Exercise prompt:
Set down a faithful copy of every record, and skip the pictures in it.

___ Records for the task ___

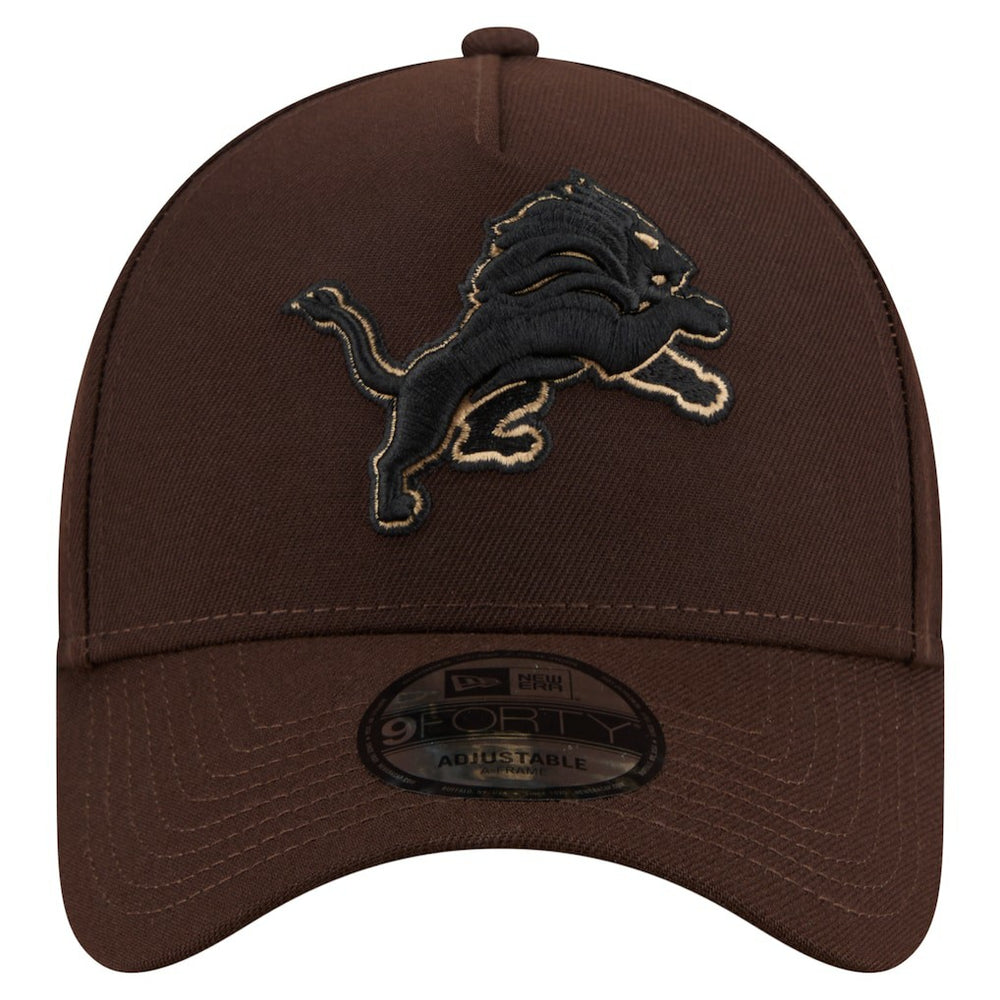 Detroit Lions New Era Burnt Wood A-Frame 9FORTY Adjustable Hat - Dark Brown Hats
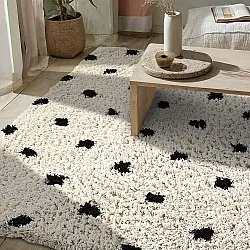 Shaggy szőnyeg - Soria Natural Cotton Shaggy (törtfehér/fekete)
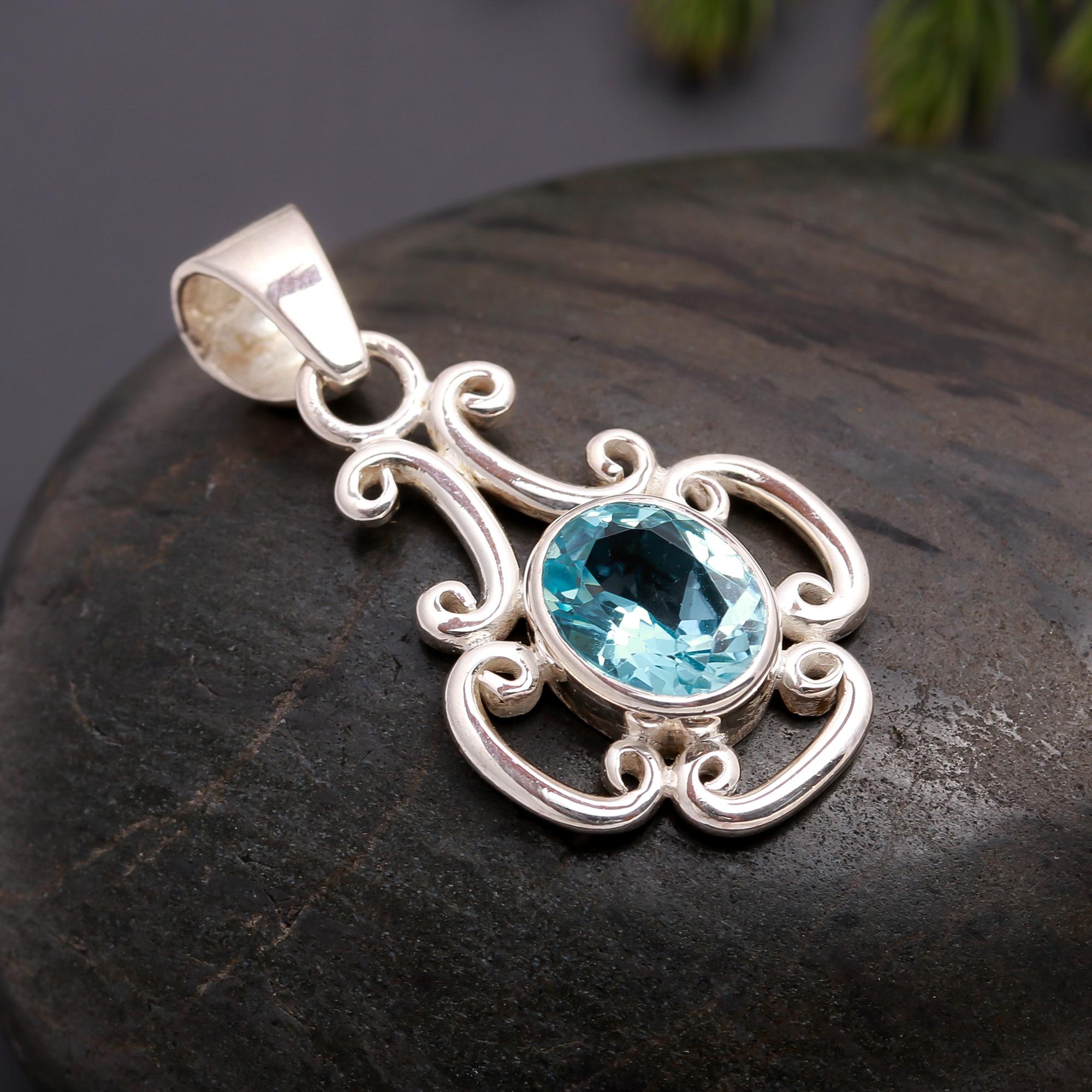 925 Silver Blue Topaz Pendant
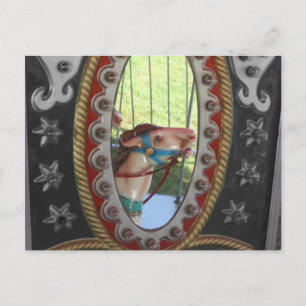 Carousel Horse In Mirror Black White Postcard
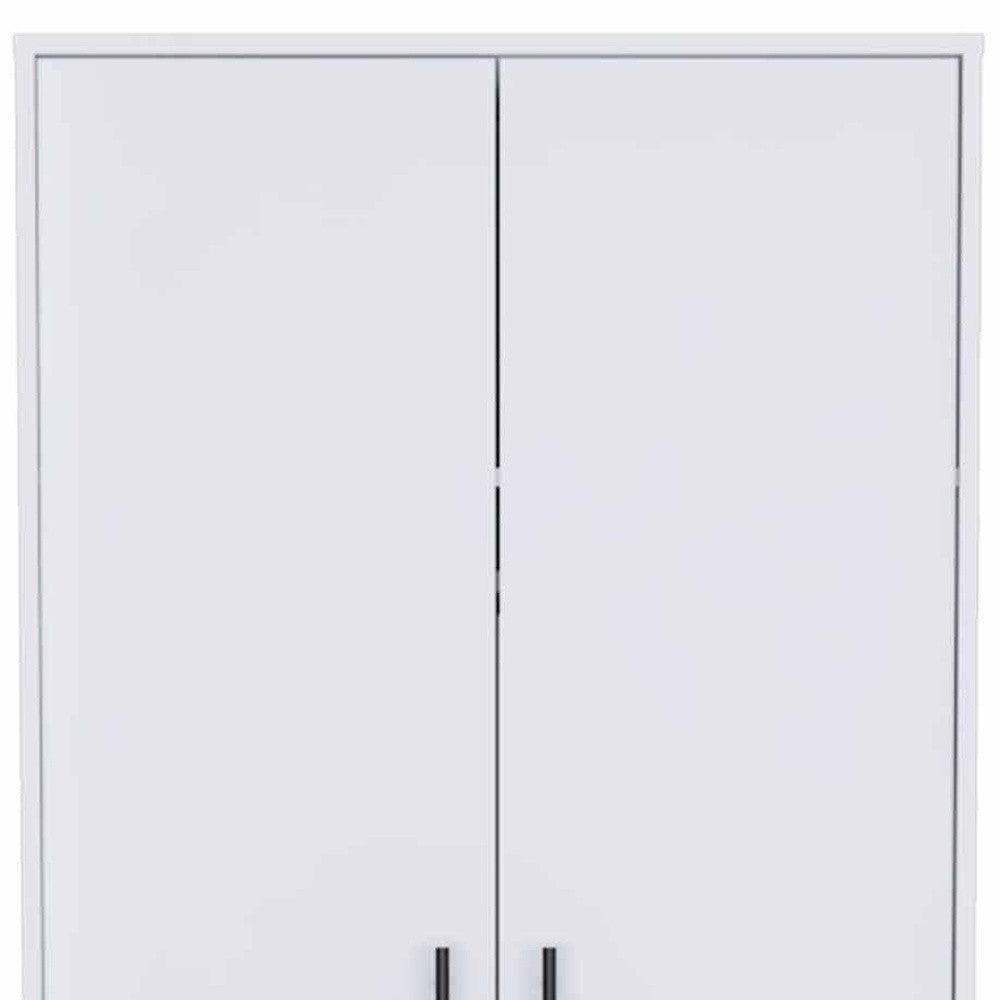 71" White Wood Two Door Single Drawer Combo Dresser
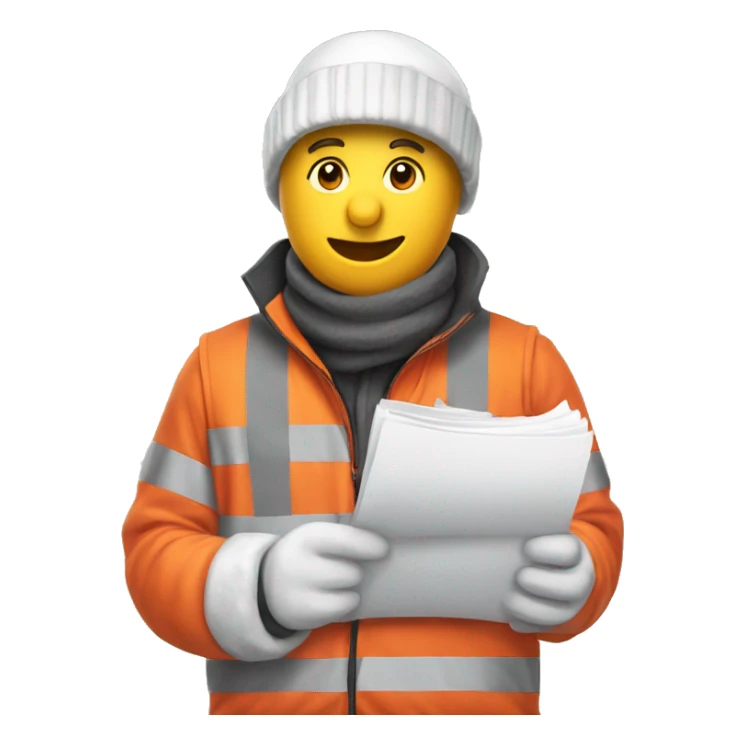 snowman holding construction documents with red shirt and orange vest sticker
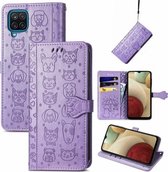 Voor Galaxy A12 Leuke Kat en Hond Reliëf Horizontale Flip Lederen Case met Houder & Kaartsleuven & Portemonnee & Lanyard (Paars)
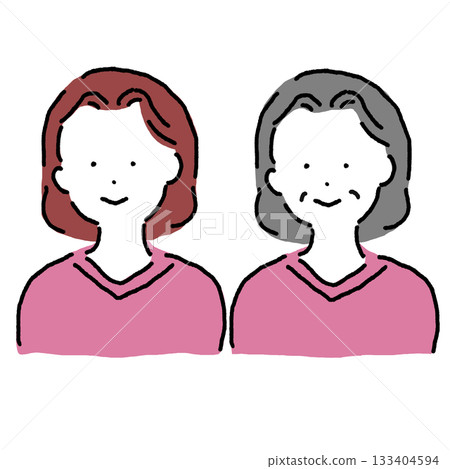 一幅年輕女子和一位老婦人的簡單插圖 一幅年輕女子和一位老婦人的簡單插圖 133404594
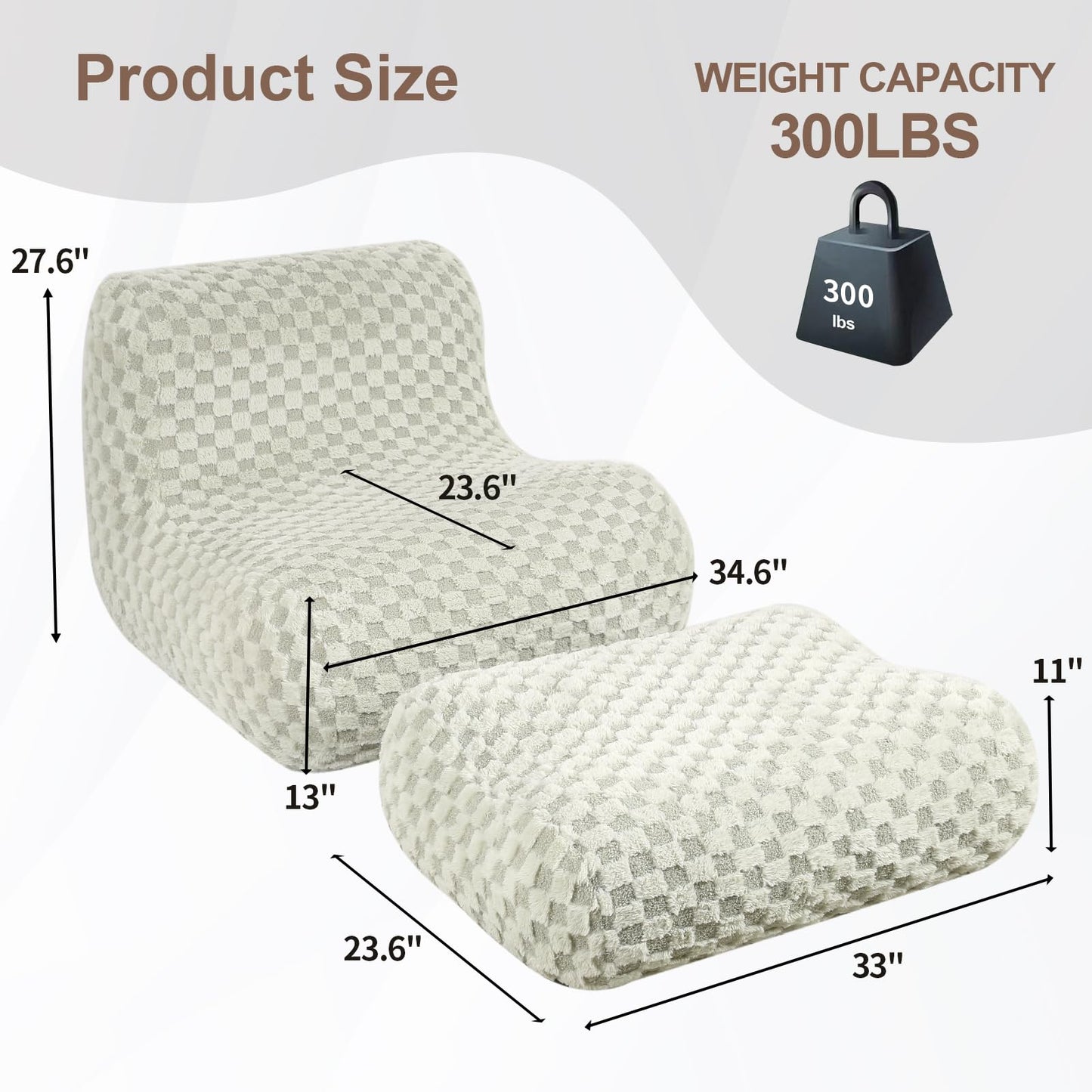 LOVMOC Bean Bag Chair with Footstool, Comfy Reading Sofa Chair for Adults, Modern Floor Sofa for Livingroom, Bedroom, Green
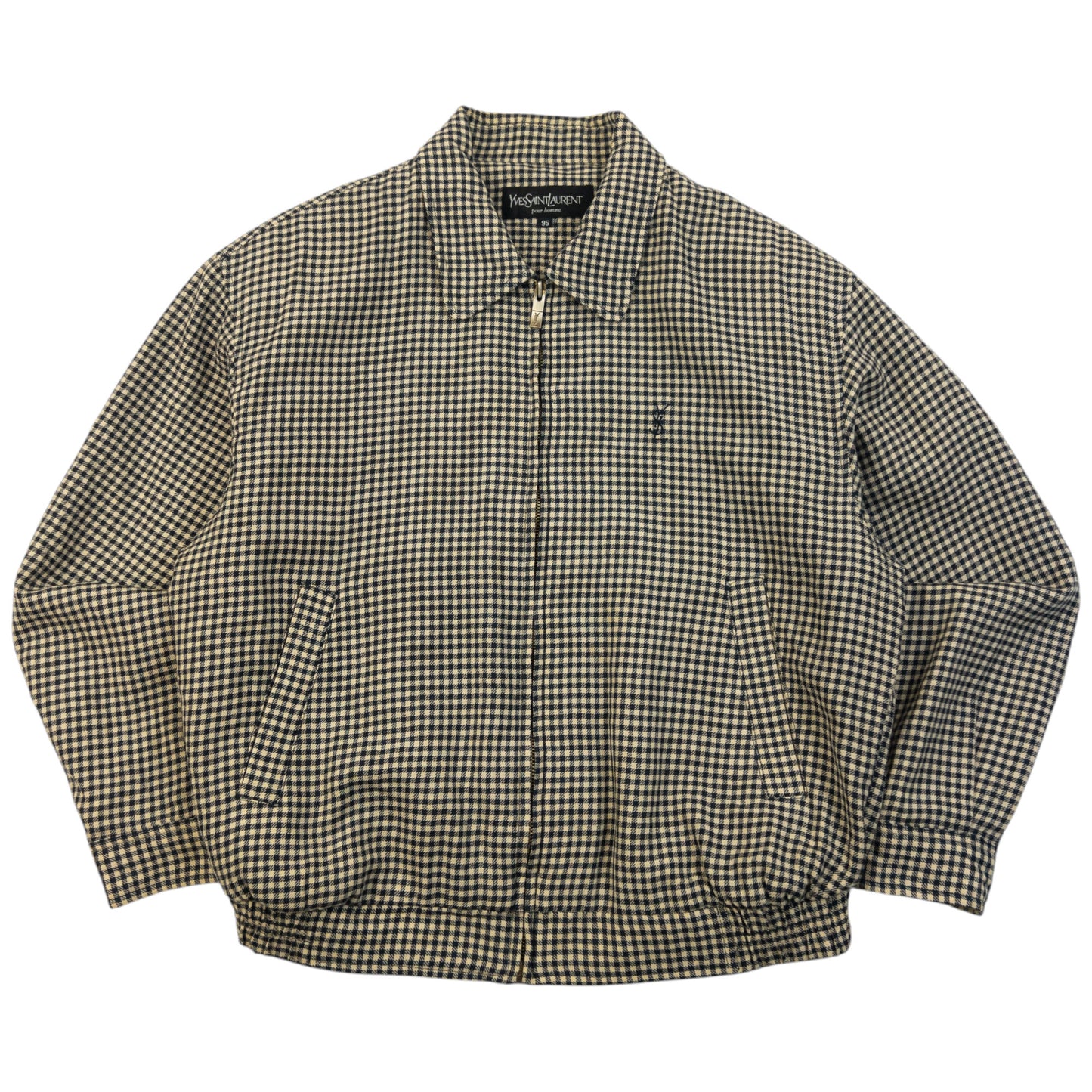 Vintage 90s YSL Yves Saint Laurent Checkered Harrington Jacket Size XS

___

Result for this exercise:
 Detroit Lions New Era Burnt Wood A-Frame 9FORTY Adjustable Hat - Dark Brown Hats
 Shaggy szőnyeg - Soria Natural Cotton Shaggy (törtfehér/fekete)
 925 Silver Blue Topaz Pendant
 Carousel Horse In Mirror Black White Postcard
 71" White Wood Two Door Single Drawer Combo Dresser
 snowman holding construction documents with red shirt and orange vest sticker
 Voor Galaxy A12 Leuke Kat en Hond Reliëf Horizontale Flip Lederen Case met Houder & Kaartsleuven & Portemonnee & Lanyard (Paars)
 一幅年輕女子和一位老婦人的簡單插圖 一幅年輕女子和一位老婦人的簡單插圖 133404594
 LOVMOC Bean Bag Chair with Footstool, Comfy Reading Sofa Chair for Adults, Modern Floor Sofa for Livingroom, Bedroom, Green
 Vintage 90s YSL Yves Saint Laurent Checkered Harrington Jacket Size XS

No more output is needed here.